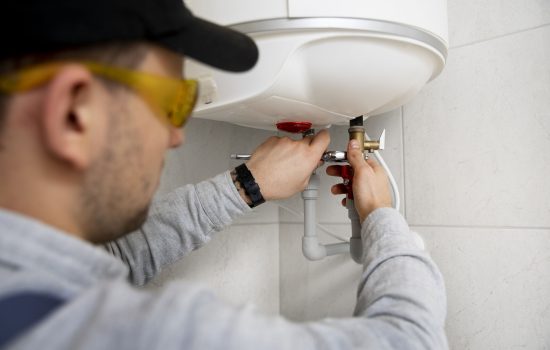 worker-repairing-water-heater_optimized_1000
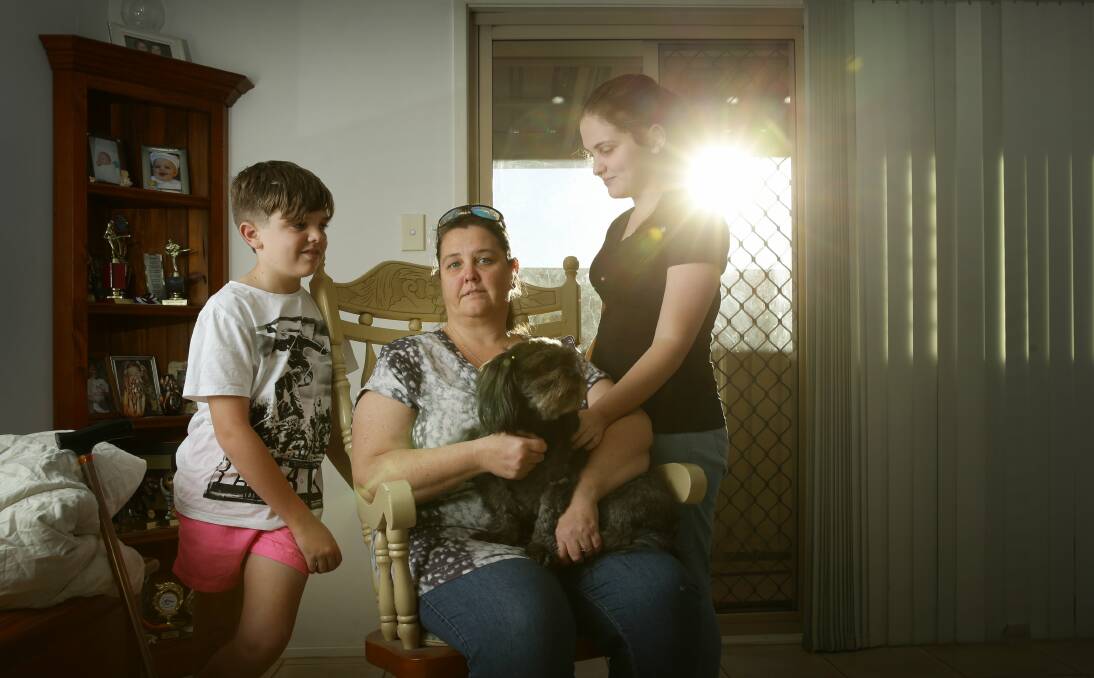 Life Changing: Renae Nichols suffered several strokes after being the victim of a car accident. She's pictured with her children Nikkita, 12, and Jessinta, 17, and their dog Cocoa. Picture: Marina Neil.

...

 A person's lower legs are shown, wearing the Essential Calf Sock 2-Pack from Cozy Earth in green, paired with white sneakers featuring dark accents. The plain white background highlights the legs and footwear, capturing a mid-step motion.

--

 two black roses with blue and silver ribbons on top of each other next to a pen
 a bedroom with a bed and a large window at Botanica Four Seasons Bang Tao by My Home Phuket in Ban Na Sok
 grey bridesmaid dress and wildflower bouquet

**WHAT NEEDS TO BE DONE**
Take the listing above and repeat exactly the lines from the one containing "two black roses" through the one containing "grey bridesmaid dress and wildflower bouquet", both included.

**ANSWER TO THE PROBLEM**
 two black roses with blue and silver ribbons on top of each other next to a pen
 a bedroom with a bed and a large window at Botanica Four Seasons Bang Tao by My Home Phuket in Ban Na Sok
 grey bridesmaid dress and wildflower bouquet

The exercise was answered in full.